Right here is an efficient instance proven within the following code snippet. In PyTorch, all strategies with the underscore are inplace ops, whereas those with out will not be. From an interactive perspective, these are good, as a result of they’re simple to observe, and the customers don’t must test the docs every time they need the inplace model of a way. Nevertheless, after all, they launched some cognitive load. The customers must know what does inplace means and when to make use of them.
x = x.add(y)
x.add_(y)
x = x.mul(y)
x.mul_(y)
One other good instance is the Keras layers. They strictly observe the identical naming conference as proven within the following code snippet. With a transparent naming conference, the customers can simply keep in mind the layer names with out checking the documentation.

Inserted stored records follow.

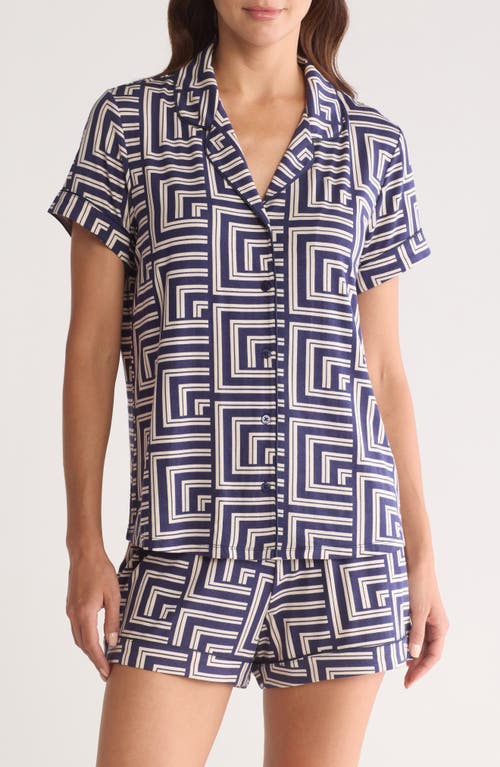 Shop Nordstrom Moonlight Short Pajamas In Navy Evening Turnpike Geo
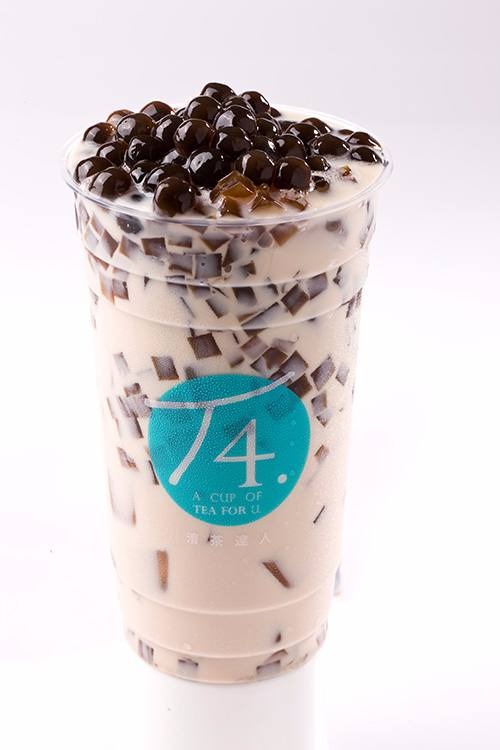 Milk Tea w/Pearl & Coffee Jelly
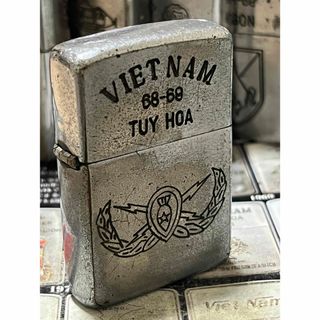 ジッポー(ZIPPO)の【ベトナムZIPPO】本物 1968年製ベトナムジッポー「パイロットバッジ」(タバコグッズ)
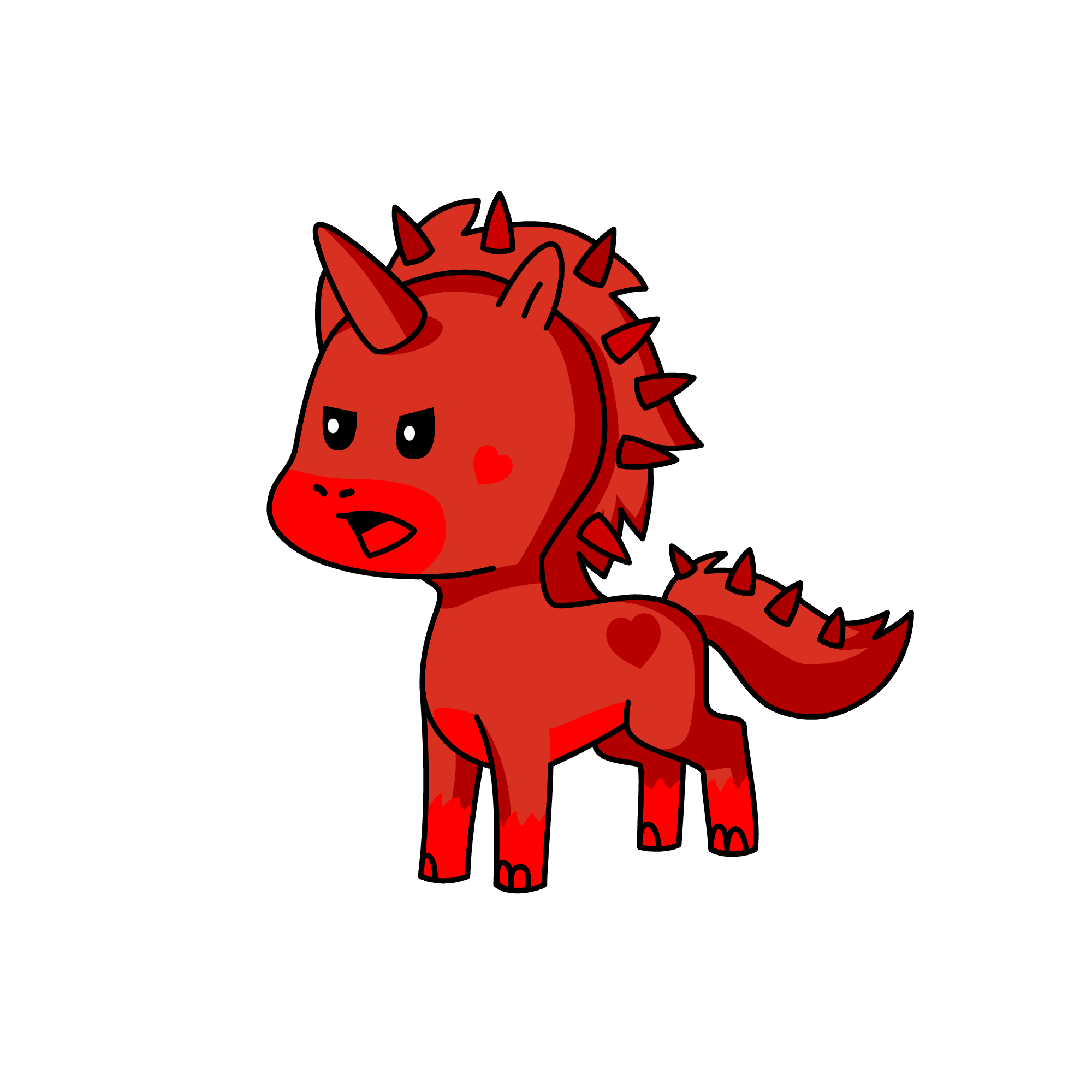 Raddy, the unicorn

from keras import layerslayers.MaxPooling2D()
layers.GlobalMaxPooling1D()
layers.GlobalAveragePooling3D()
One other essential a part of the interplay between the consumer and the software program is the error message. You can’t count on the consumer to write down every part appropriately the very first time. We must always all the time do the required checks within the code and attempt to print useful error messages.
Let’s see the next two examples proven within the code snippet. The primary one has not a lot info. It simply says tensor form mismatch. The
second one incorporates rather more helpful info for the consumer to search out the bug. It not solely tells you the error is due to tensor form mismatch, however it additionally reveals what’s the anticipated form and what’s the incorrect form it obtained. When you didn’t imply to cross that form, you’ve a greater thought
of the bug now.
# Dangerous instance:
increase ValueError("Tensor form mismatch.")# Good instance:
increase ValueError(
"Tensor form mismatch. "
"Anticipated: (batch, num_features). "
f"Acquired: {x.form}"
)
The most effective error message can be instantly pointing the consumer to the repair. The next code snippet reveals a basic Python error message. It guessed what was incorrect with the code and instantly pointed the consumer to the repair.
import mathmath.sqr(4)
"AttributeError: module 'math' has no attribute 'sqr'. Did you imply: 'sqrt'?"
Ultimate phrases
Up to now we’ve launched the three most useful software program design rules I’ve discovered when contributing to the deep studying frameworks. First, write end-to-end workflows to find extra consumer expertise issues. Second, scale back cognitive load and don’t educate the consumer something until crucial. Third, observe the identical logic in your API design and throw significant error messages in order that the customers can be taught your software program by interacting with it as an alternative of continually checking the documentation.
Nevertheless, there are numerous extra rules to observe if you wish to make your software program even higher. You possibly can check with the Keras API design tips as an entire API design information.